L’occupation de 2014 a transformé une tragédie en catastrophe. La plupart des entreprises industrielles qui se sont retrouvées sur le territoire des « républiques populaires » ont été transférées en Russie ou simplement pillées, et l’industrie charbonnière s’est rapidement dégradée. Cela a transformé la « la république populaire (autoproclamée) de Louhansk » et la « république populaire (autoproclamée) de Donetsk » en un appendice subventionné par la Fédération de Russie. Pour la population, cela signifiait une forte baisse du niveau de vie.
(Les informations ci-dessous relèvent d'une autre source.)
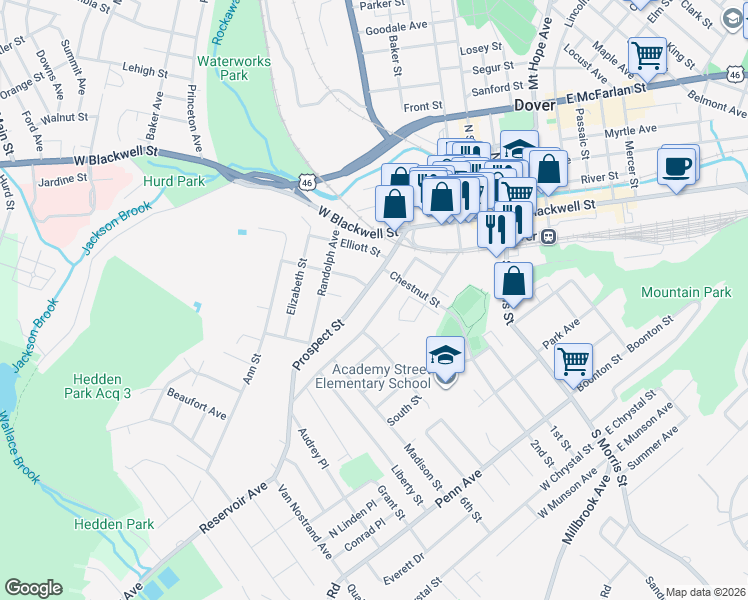 map of restaurants, bars, coffee shops, grocery stores, and more near 73 Thompson Avenue in Dover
Si début 2022, le salaire moyen en Ukraine était d’environ 470 €, en « république populaire de Donetsk » il était d’environ 230 €.
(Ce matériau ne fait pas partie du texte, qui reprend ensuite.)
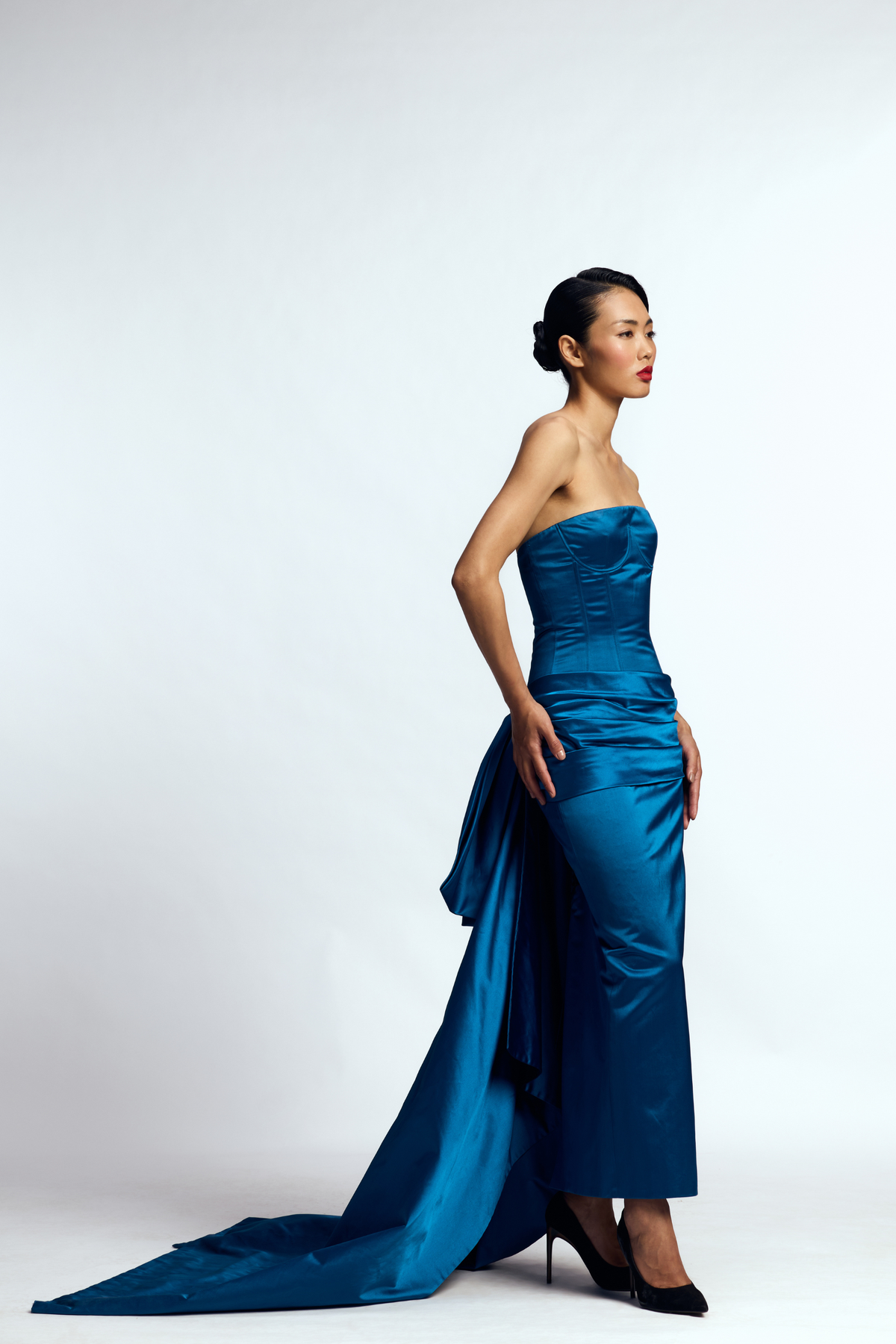 Structured Draped Column Gown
Il est clair que la qualité de vie n’est pas seulement déterminée par le montant du salaire. Lorsque l’épidémie de COVID-19 a éclaté en Ukraine en 2020, elle a atteint l’ampleur d’une catastrophe dans les « républiques populaires ». Cela parce que les autorités d’occupation ont simplement ignoré presque toutes les mesures anti-épidémiques et ont utilisé des analogues russes douteux au lieu de vaccins efficaces. Cela a conduit à une mortalité massive, dont les signes ont été enregistrés, mais le nombre réel de victimes n’est plus possible à établir. Pourquoi ? Parce que les autorités des deux « républiques populaires » sont guidées exclusivement par les instructions de Moscou et n’assument aucune responsabilité juridique ou politique envers les résidents.
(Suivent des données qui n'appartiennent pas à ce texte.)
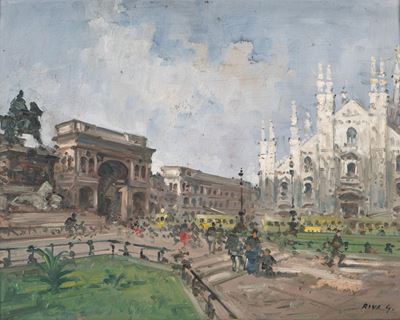 Piazza Duomo a Milano, olio su cartone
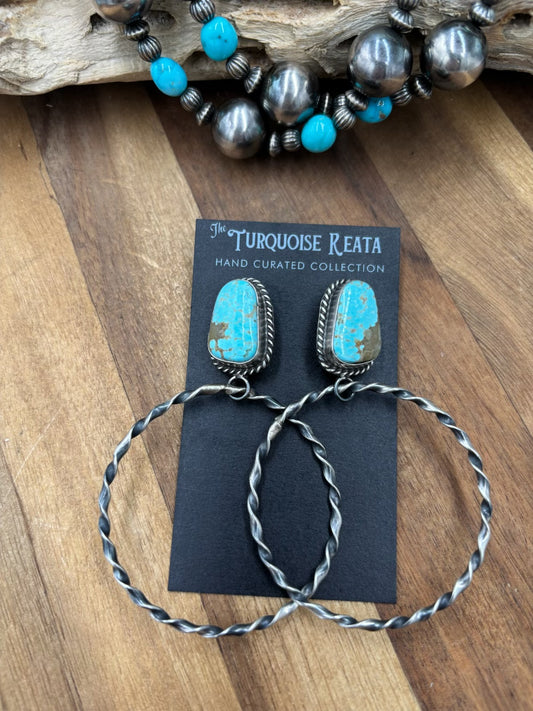 Mine #8 #812-3C Hoop Earrings by Elouise Kee, Navajo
Il n’y a pas de vie politique dans le Donbass occupé, toute activité publique indépendante est strictement interdite. Il n’y a pas de presse libre là-bas et il est dangereux d’exprimer son mécontentement même sur les réseaux sociaux. De plus, les gens ne peuvent pas compter sur la protection de la loi, car il n’y a pas non plus de système judiciaire indépendant dans les « républiques ». Ironie du sort, en 2014, la propagande russe assurait qu’après le Maïdan, une « junte » était arrivée au pouvoir à Kyiv. Mais en fait, la « junte » s’est installée précisément sur le territoire des deux « républiques populaires » : même le couvre-feu, instauré pendant la période des hostilités actives en 2014, n’y a pas été levé.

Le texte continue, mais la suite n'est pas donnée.